_Exercise brief_
The expected answer is the set of lines in the data below between the line holding "view of snowy yard" and the line holding "Requirements For MOC", inclusive, written out exactly.

START Dataset records

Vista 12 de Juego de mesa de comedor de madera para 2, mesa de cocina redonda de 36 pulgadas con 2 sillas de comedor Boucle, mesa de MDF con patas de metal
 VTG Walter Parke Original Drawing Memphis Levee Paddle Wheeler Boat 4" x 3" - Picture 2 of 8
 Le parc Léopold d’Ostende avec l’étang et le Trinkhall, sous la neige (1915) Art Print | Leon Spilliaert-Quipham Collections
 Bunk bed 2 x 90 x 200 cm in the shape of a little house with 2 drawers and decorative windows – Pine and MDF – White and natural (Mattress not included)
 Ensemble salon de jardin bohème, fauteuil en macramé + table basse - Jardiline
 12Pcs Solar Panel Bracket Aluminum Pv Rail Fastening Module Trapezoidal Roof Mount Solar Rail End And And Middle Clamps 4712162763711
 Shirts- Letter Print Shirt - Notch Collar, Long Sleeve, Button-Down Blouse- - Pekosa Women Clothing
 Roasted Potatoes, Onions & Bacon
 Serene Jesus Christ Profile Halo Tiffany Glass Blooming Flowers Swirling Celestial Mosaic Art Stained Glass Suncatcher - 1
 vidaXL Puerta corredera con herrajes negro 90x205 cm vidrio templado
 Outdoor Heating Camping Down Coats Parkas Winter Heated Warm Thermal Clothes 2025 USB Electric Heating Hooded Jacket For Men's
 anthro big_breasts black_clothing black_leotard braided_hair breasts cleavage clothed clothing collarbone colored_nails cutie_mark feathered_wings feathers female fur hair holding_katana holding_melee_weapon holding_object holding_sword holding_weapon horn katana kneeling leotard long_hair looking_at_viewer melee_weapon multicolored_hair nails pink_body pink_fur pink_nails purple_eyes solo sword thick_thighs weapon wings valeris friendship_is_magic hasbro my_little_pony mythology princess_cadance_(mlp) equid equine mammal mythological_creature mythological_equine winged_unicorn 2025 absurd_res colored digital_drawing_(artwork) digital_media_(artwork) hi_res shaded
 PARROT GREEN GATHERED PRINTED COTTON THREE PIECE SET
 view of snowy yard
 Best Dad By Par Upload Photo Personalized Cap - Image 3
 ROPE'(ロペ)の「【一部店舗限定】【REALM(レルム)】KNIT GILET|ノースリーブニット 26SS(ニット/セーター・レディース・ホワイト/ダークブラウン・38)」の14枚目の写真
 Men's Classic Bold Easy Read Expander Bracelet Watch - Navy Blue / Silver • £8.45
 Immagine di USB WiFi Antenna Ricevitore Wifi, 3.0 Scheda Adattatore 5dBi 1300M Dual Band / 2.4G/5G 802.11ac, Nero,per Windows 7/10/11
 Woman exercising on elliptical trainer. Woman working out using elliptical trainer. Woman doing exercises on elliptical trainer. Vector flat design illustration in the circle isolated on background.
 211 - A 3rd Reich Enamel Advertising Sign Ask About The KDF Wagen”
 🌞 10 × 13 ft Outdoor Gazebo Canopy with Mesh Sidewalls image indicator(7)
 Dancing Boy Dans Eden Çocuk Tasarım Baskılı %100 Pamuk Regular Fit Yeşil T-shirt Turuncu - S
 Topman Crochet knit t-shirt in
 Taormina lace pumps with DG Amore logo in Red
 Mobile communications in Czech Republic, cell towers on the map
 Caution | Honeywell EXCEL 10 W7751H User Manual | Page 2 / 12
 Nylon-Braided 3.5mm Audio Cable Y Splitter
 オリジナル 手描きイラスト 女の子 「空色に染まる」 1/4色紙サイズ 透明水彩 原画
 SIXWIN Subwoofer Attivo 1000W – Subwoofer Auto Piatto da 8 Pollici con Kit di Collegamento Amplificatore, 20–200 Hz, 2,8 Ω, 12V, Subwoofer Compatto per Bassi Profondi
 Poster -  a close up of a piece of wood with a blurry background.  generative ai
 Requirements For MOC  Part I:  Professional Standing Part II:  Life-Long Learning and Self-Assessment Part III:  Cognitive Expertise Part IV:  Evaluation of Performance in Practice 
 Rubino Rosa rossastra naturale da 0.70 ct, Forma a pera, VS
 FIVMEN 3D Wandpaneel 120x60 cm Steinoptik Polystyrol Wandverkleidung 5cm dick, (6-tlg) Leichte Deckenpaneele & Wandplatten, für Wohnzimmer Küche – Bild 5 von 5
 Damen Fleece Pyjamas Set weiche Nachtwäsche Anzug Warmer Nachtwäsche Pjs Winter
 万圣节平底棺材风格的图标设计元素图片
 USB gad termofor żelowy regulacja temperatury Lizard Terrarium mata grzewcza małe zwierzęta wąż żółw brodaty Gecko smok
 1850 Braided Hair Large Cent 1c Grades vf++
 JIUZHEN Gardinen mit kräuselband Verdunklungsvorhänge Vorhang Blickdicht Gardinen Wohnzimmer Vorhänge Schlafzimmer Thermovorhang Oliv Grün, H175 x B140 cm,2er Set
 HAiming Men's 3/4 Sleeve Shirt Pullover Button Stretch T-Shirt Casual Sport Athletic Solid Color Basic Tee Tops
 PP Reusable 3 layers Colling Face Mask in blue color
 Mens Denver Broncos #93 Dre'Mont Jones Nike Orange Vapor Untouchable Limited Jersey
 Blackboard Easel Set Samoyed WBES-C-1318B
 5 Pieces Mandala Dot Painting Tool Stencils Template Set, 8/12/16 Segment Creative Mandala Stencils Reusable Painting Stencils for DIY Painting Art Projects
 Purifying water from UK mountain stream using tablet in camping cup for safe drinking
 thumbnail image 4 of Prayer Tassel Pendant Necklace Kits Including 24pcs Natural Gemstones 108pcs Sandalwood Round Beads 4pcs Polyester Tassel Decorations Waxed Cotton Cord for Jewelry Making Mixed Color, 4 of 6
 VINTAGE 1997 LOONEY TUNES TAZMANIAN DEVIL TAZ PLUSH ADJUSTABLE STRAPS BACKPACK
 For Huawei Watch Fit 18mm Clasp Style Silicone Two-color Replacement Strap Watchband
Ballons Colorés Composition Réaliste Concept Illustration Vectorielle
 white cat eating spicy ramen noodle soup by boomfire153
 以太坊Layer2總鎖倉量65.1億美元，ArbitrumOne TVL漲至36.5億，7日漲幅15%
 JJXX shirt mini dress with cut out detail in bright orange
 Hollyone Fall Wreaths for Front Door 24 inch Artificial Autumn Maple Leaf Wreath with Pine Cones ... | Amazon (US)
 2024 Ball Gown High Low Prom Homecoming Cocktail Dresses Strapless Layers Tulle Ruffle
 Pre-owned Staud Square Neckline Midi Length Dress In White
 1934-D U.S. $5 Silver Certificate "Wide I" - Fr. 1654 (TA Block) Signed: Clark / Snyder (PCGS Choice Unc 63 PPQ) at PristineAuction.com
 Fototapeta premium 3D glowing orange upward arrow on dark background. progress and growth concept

END Dataset records

_Expected output_
 view of snowy yard
 Best Dad By Par Upload Photo Personalized Cap - Image 3
 ROPE'(ロペ)の「【一部店舗限定】【REALM(レルム)】KNIT GILET|ノースリーブニット 26SS(ニット/セーター・レディース・ホワイト/ダークブラウン・38)」の14枚目の写真
 Men's Classic Bold Easy Read Expander Bracelet Watch - Navy Blue / Silver • £8.45
 Immagine di USB WiFi Antenna Ricevitore Wifi, 3.0 Scheda Adattatore 5dBi 1300M Dual Band / 2.4G/5G 802.11ac, Nero,per Windows 7/10/11
 Woman exercising on elliptical trainer. Woman working out using elliptical trainer. Woman doing exercises on elliptical trainer. Vector flat design illustration in the circle isolated on background.
 211 - A 3rd Reich Enamel Advertising Sign Ask About The KDF Wagen”
 🌞 10 × 13 ft Outdoor Gazebo Canopy with Mesh Sidewalls image indicator(7)
 Dancing Boy Dans Eden Çocuk Tasarım Baskılı %100 Pamuk Regular Fit Yeşil T-shirt Turuncu - S
 Topman Crochet knit t-shirt in
 Taormina lace pumps with DG Amore logo in Red
 Mobile communications in Czech Republic, cell towers on the map
 Caution | Honeywell EXCEL 10 W7751H User Manual | Page 2 / 12
 Nylon-Braided 3.5mm Audio Cable Y Splitter
 オリジナル 手描きイラスト 女の子 「空色に染まる」 1/4色紙サイズ 透明水彩 原画
 SIXWIN Subwoofer Attivo 1000W – Subwoofer Auto Piatto da 8 Pollici con Kit di Collegamento Amplificatore, 20–200 Hz, 2,8 Ω, 12V, Subwoofer Compatto per Bassi Profondi
 Poster -  a close up of a piece of wood with a blurry background.  generative ai
 Requirements For MOC  Part I:  Professional Standing Part II:  Life-Long Learning and Self-Assessment Part III:  Cognitive Expertise Part IV:  Evaluation of Performance in Practice 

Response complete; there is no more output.